西山ゆかり、土壇場で大逆転 晩成の血が騒ぐ

<Photo:Atsushi Tomura/Getty Images>

 2017年LPGAツアー第7戦『KKT杯バンテリンレディスオープン』(賞金総額1億円、優勝賞金1,800万円)大会最終日が16日、熊本県菊池郡菊陽町・熊本空港カントリークラブ(6,452ヤード、パー72)で行われ、通算4アンダーで西山ゆかりが逆転優勝を飾った。勝負は18番で、よもやのボギーを叩いた上田桃子のプレーオフへ。1ホール目、パーをセーブした西山が通算2勝目をあげた。(天候:晴れ 気温:26.6℃ 風速:2.5m/s)

 勝負は時の運。その言葉をこれほど痛感した日はなかった。大逆転Vの西山は、「夢みたい。そのひとことです。あれだけ優勝をしたい、と思っていても、まさかこんな感じで…」。プレーオフ1ホール目で、ウイニングパットを決めた際の偽らざる心境だった。

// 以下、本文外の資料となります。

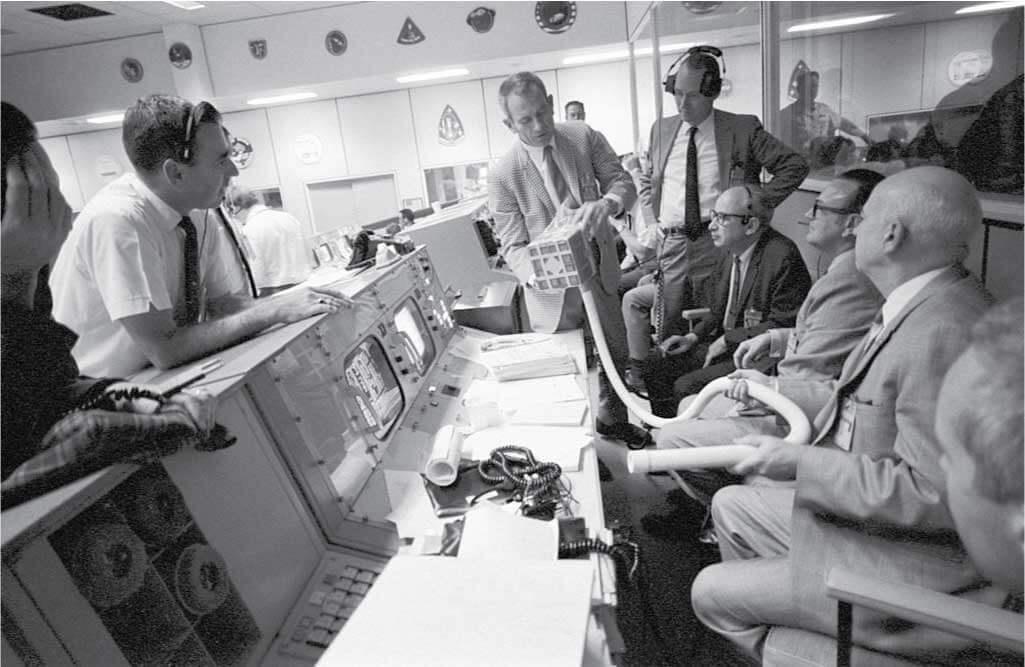 Deke Slayton shows the adapter devised to make use of square Command Module lithium hydroxide canisters to remove excess carbon dioxide from the Apollo 13 LM cabin.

 この日は3パットが4回。17番まで首位を上田が快走していた。「2打差があったし、最終ホールではひとつでも上の順位を目指そう。それだけです。上田さんが優勝の展開でしたから」。事実、ピン奥5メートルのバーディーパットを決めた際も、プレッシャーはほとんどなかった。ところが、1メートルのパーパットを上田が外す。4アンダーで並んだ瞬間、西山は、「無になった」。

 スイッチが入る。ただ、プレーオフの第1打まで流れは上田に。ところが、アドバンテージを握ったはずの第2打を、池へ入れるミスショットだった。一気に形勢逆転。西山が願ってやまなかった通算2勝目は、意外な展開で転がり込んできた。

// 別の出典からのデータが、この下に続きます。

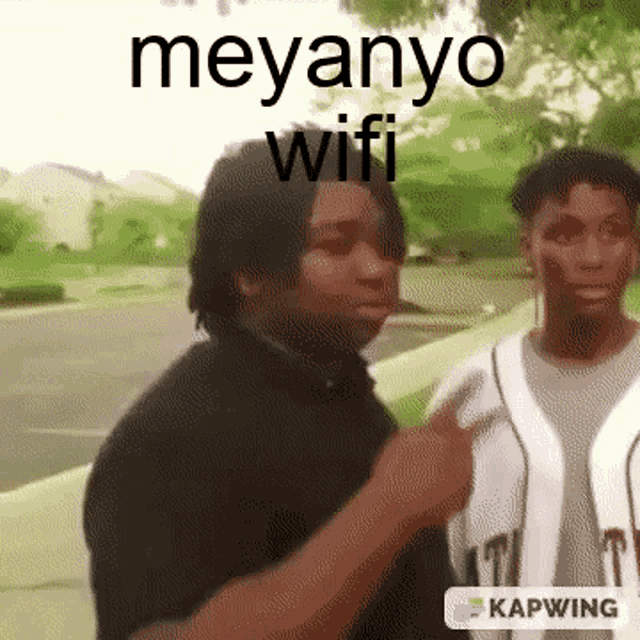 two men are standing next to each other and one of them is pointing at the camera with the words meyanyo wifi above him .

 「4つのボギーは、すべて3パットだったけど、ストロークなどはとてもいい。決して、パッティングの調子が悪かったわけではなかった。途中で気が付いたのは、ラインの読み方のミス。だから、あまり気にせず、次のホール、頑張ろうでした」と話している。

 2年前の今大会は予選落ちだった。が、1日目のイーグル賞で、表彰式へ出席するため、最終日もコースで各選手のプレーを観戦。「おかげで、(プロテスト合格の)菊地絵理香さんの初優勝をみることができました。本当に良かったです」とのコメントは、いかにも人の良い西山らしい感想だ。また、昨年は熊本地震、前震後の15日は祖母、佐百合さんが亡くなった。表彰式では、両手を伸ばして、優勝カップを天へ高々と掲げたのは、何よりの供養となっただろう。

 「ギャラリーの皆さんは、地元の桃子さんの応援団と思っていました。完全アウエーを覚悟していたのに、私の応援をしてくださる方もいらした。声援が心に響き、うれしかったです」

 若年化がより進行する女子ゴルフ界。6月には35歳になる西山は、すでにベテランと呼ばれる年齢だが、「私がゴルフを始めたのは18歳から。だから、ゴルフ年齢は、若い選手と同じです。体も元気。ちょっと痛いところがあっても、次の日は何ともない。自然治癒力がバッチリ。体調管理と心のケアを忘れずに、ずっと試合に出ます」と頼もしい。大器晩成。次のターゲットはツアー3勝目である。